A essência positiva da ação do Governo Federal no âmbito da saúde é, a meu ver, ter-nos dado a certeza de que é possível enfrentar os problemas e de que eles, imensos como são, são, no entanto, superáveis. Por outro lado, o que resta a fazer no Brasil, em matéria de saúde, constitui tarefa pesadíssima. Tarefa não só dos governos, nem só do setor de saúde: trata-se de encargo de toda a sociedade.  

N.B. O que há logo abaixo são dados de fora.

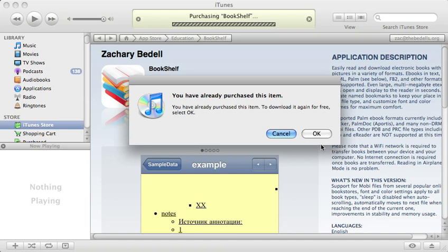I have no idea why Apple has designed the system this way. They've had a couple of updates with iTunes and the App Store on the iPhone, but it still works the same way. They require you to go through the whole purchasing process before they finally tell you—oops, nope, sorry—you already bought it. You don't have to pay again.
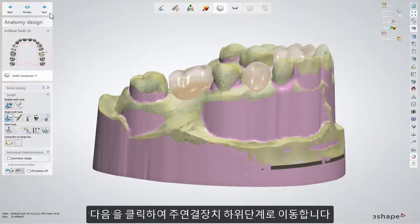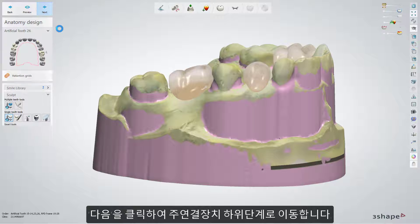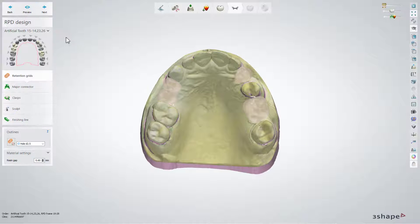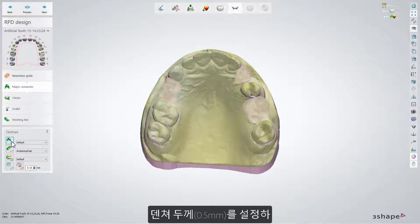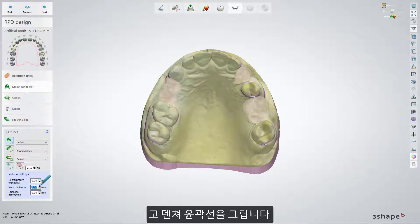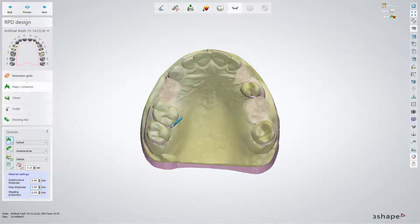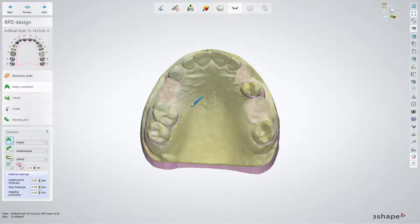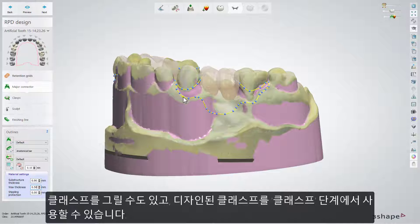Click next to move further and go straight to the major connector sub-step. Set the thickness for the denture and draw the outline for the denture. Draw the clasps as well, or if you prefer the designed ones, use them from the clasp sub-step.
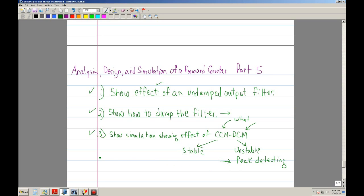Specifically, you get peak detecting. In our regulator — a power supply designed to operate at 3.3 volts — once it enters discontinuous conduction mode, the 3.3 volts actually starts ramping up. I'm going to show a simulation on that.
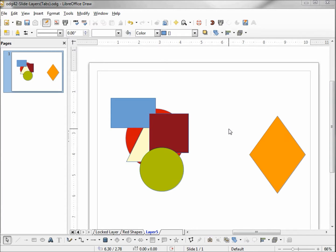Slide layer may not be the right word for these — slide tabs works a little better, because we're adding tabs. Layers implies on top of or below one another, which happens at the shape layer level. But with our tabs, we can have something in between two layers and turn it on and off or lock it in place, somewhat independently of shape layering.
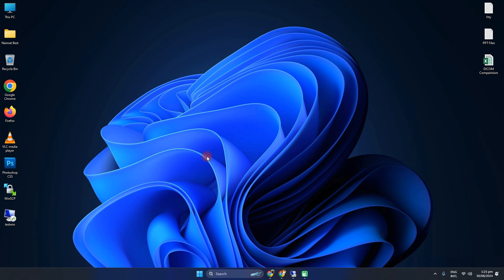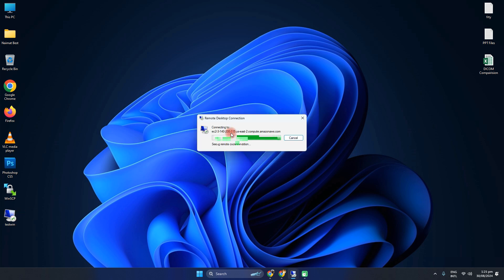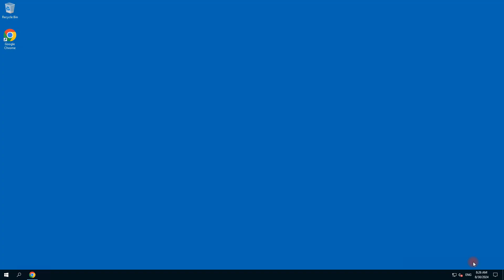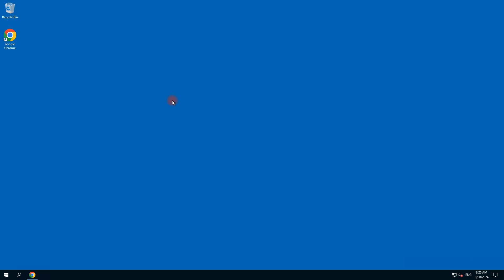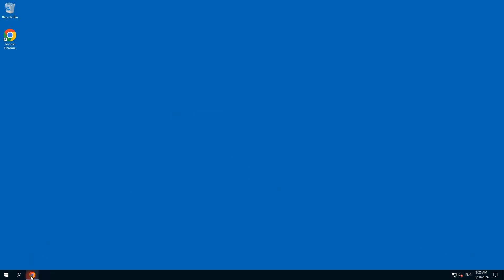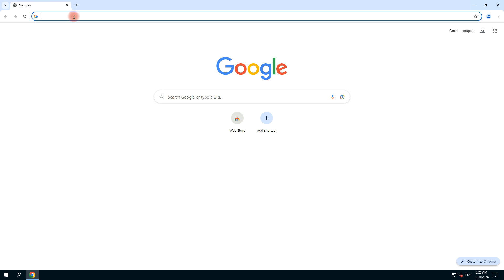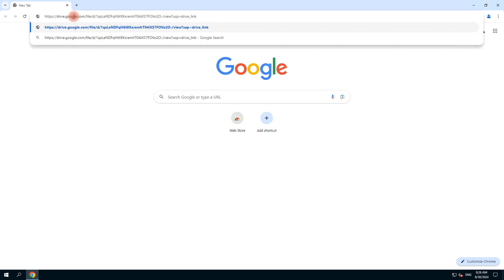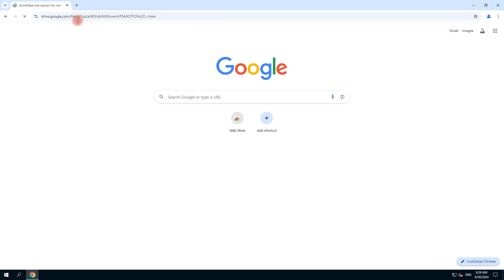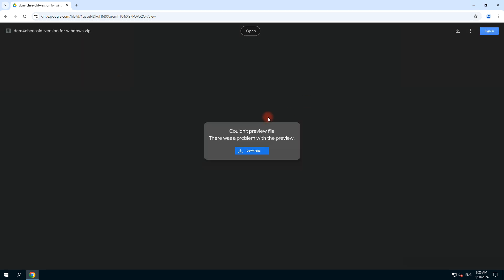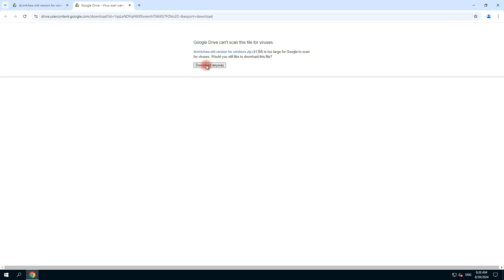First of all, connect to the virtual machine where we need to install DCM4CHEE. After connecting your virtual machine, open the Chrome browser. I have a link to the complete zip file — I will share this link in the video description. You can download this complete zip file and click download, download anyway.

Basta ver como a saúde é afetada, no entorno do que lhe é específico, por uma vasta gama de problemas do País. A começar pela nossa estrutura social que, por herança e circunstâncias históricas, apresenta profundas desigualdades sociais e regionais. Enquanto um segmento da sociedade, minoritário, é razoavelmente bem atendido, a maioria, grande parte dos 75% da população que dependem do serviço público de saúde, enfrenta a freqüente precariedade desses serviços, ou a total ausência deles. Os pobres, para resumir, têm pouca capacidade de pressão, e só muito lentamente vão incorporando os direitos enunciados pela Constituição.  

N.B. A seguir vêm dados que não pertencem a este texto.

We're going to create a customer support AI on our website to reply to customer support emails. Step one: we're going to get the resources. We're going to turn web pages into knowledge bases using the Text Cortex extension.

Outro fator a pesar contra a saúde são os insatisfatórios índices de saneamento, com grandes variações entre regiões, entre cidade e campo, e entre zonas da mesma cidade. Também pressionam o sistema de saúde os altos índices de violência ligada à criminalidade e ao trânsito. Além do sofrimento causado às pessoas, a violência impõe forte demanda de recursos materiais e de pessoal profissional. Igualmente deve ser mencionado, como fator que mantém atrasada a saúde no Brasil, a alta taxa de sonegação de tributos que impera entre nós. Cada real sonegado é um real que faz falta nos orçamentos sociais, e parte do problema é que a sociedade ainda não está plenamente consciente dessa conexão.  

Todos esses fatores "externos", por assim dizer, constituem dificuldades e percalços. Mas a saúde tem numerosos impasses "internos", seus próprios, formando longa lista de deficiências a superar. Lista que envolve questões de qualidade de gestão, de controle de fraudes, de avaliação técnico-financeira dos serviços, de melhor balanceamento entre ações curativas e preventivas, essas últimas de melhor relação custo/benefício. Outras deficiências dizem respeito a um melhor desenho das instituições, em todos os níveis de governo. Uma deficiência, porém, destaca-se das outras, por emoldurá-las todas: é a questão do financiamento do setor público de saúde, para o qual ainda não se encontrou solução satisfatória e definitiva.  

Não apenas o Brasil aplica pouco em seu sistema público de saúde, em comparação com outros países de nível semelhante de desenvolvimento, mas mesmo o que aplica não oferece a segurança desejável para o sistema. A fatia maior de recursos vem do Orçamento da Seguridade Social, OSS. Ora, no OSS, a porção devida à previdência é incompressível, porque os direitos previdenciários são precisamente definidos em lei e negá-los acarreta imediata ação judicial contra o Poder Público.  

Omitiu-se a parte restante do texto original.